En pleno auge del wagnerianismo, el Gran Teatre fue también un espejo de los movimientos de vanguardia que se desarrollaban en ciudades como París o Berlín. Eventos como la llegada a Barcelona de los Ballets Russes de Serge Diaghilev, en 1917, sacudieron el panorama local tal y como sucedió antes en la capital francesa con la renovadora visión coreográfica de Nijinski. Las diferentes manifestaciones artísticas de las tres primeras décadas del siglo pasado se caracterizaron, precisamente, por intentar radicalizar su discurso para diferenciarse de la tradición. Esto también llegó al escenario del Liceu con obras como el ballet El sombrero de tres picos de Manuel de Falla, que pudo verse en 1936 con escenografía de Picasso, así como Parade, con música de Satie, pieza que también contó con el genio del malagueño para los decorados. Con los Ballets del Marqués de Cuevas llegan al Liceu escenografías de Dalí para las obras Tristan fou y Coloquio sentimental. Antes, obras de Stravinsky o Richard Strauss ya intentaban integrar al repertorio del Liceu nuevos sonidos, en un esfuerzo de la empresa por renovar el repertorio. El repertorio ruso y eslavo gustó y arraigó, no así el mozartiano, una realidad que se transmutó definitivamente después del estallido de la Guerra Civil.
El Liceu republicano
Durante la II República los propietarios del Liceu mantuvieron la actividad artística, pero al estallar la Guerra Civil el Gobierno de la República expropió el edificio y nacionalizó el Liceu para proteger su actividad. Rebautizado como Teatre Nacional de Catalunya, durante la temporada 1936-37 solo se programaron tres actividades; un concierto a beneficio del pueblo de Madrid (abril de 1937, sexto aniversario de la proclamación de la República), dirigido por Eduard Toldrà; la Semana Pro Euskadi; y el concierto de la Alianza de Intelectuales para la Defensa de la Cultura, con la Orquestra Pau Casals y con Casals al violonchelo. En las siguientes temporadas la ópera se vio afectada por la falta de cantantes extranjeros que, lógicamente, no viajaban a un país en guerra. Así, la programación se basó en zarzuela, un género muy popular en la época. Al finalizar la guerra, la dictadura franquista devolvió la titularidad del Liceu a sus propietarios y el proyecto de un Teatro Nacional tuvo que esperar varias décadas.

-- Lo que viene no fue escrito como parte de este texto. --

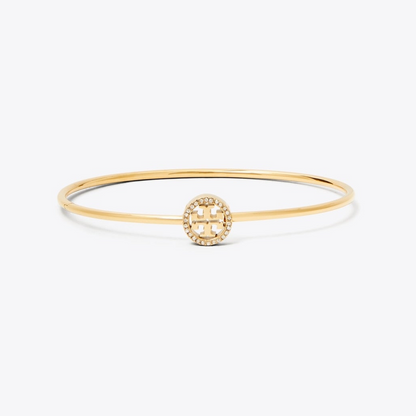 Icon Pavé Hinged Bracelet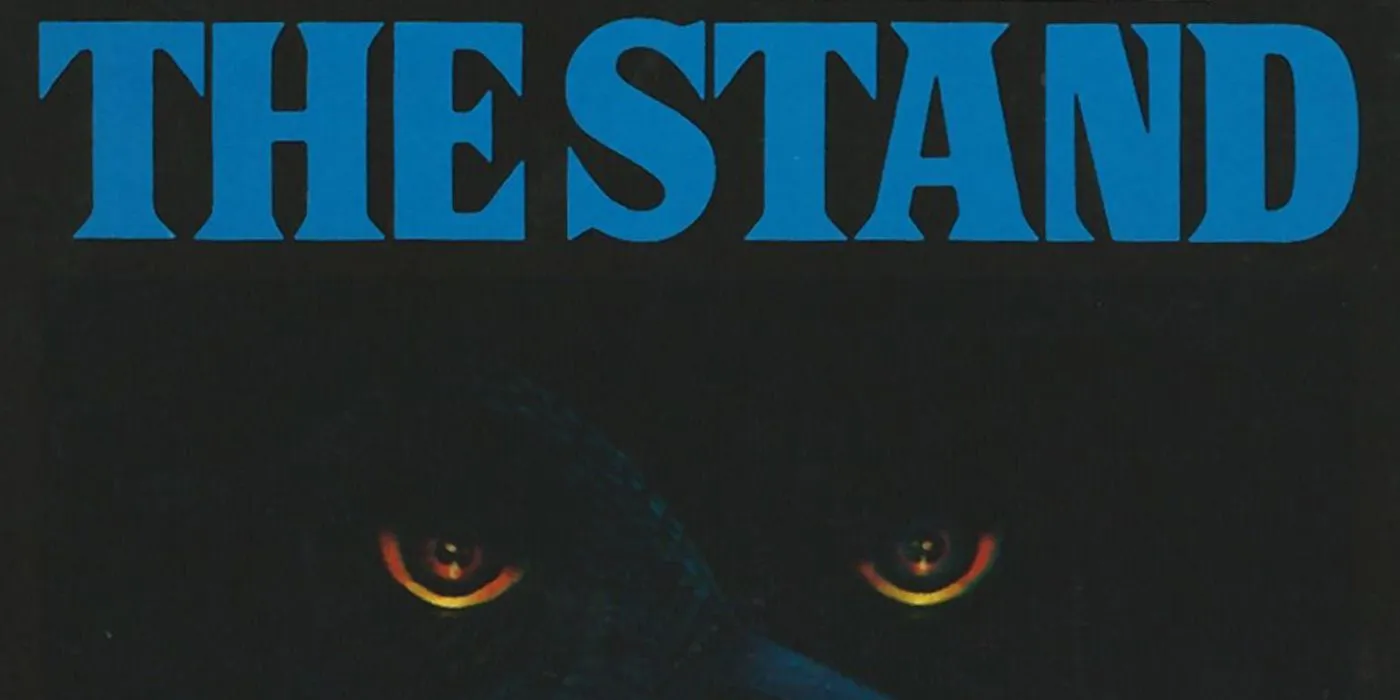 The book cover of The Stand by Stephen King. The book cover of The Stand by Stephen King.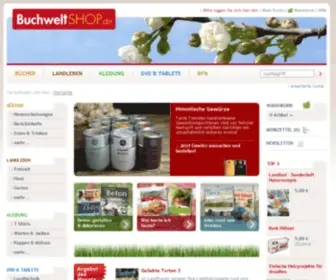 Buchweltshop.de(Startseite BuchWELTshop) Screenshot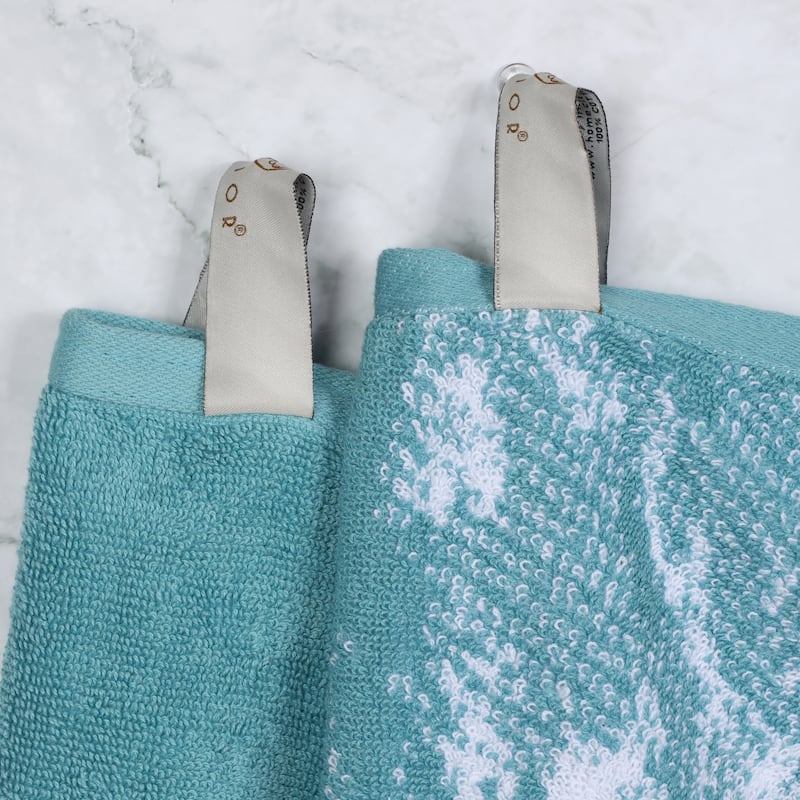 Superior Cotton Quick-Drying Solid and Marble 10 Piece Towel Set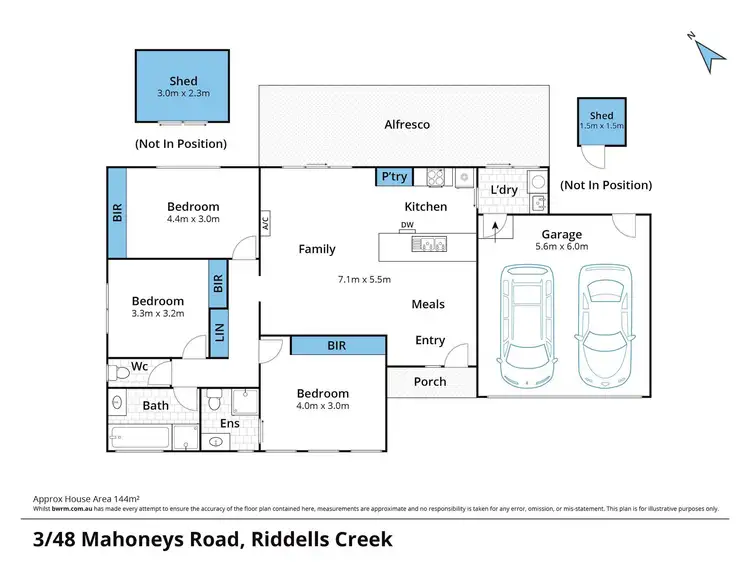 Floorplan of Homely unit listing, 3/48 Mahoneys Road, Riddells Creek VIC 3431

El Liceu, incautado por la Generalitat
En términos de creatividad, el Liceu pudo dar cabida a los avances más innovadores desde el punto de vista teatral. A finales del siglo XIX comenzó a desarrollarse la escuela catalana de escenografía, que trascendió fronteras. A partir de los trabajos de Joan Ballester, famoso por sus decorados de la ópera L’Africaine, el escenógrafo Francesc Soler i Rovirosa estableció los cánones estéticos que definieron la escenografía catalana: un estilo muy realista, con telones y papeles pintados a mano realizados en los talleres del propio Liceu. A principios del siglo XX destacaron los escenógrafos Mauricio Vilomara, Fèlix Urgellès, Salvador Alarma, Oleguer Junyent, Josep Castells y, por encima de todos, Josep Mestres Cabanes, quien trabajó en el Liceu de 1942 a 1956. Una de sus obras maestras fue la escenografía de la ópera Aida, estrenada en 1945, en la que trabajó durante 20 años y que él consideraba modélica respecto a su concepto de ángulo maestro, según manifiesta en su Tratado de perspectiva (1964). Este montaje, el único que se salvó del incendio de 1994, volvió a la vida en 2001 y posteriormente ha vivido varias reposiciones. Entre otras, Mestres Cabanes también pintó escenografías –hoy perdidas– para todas las óperas de Wagner.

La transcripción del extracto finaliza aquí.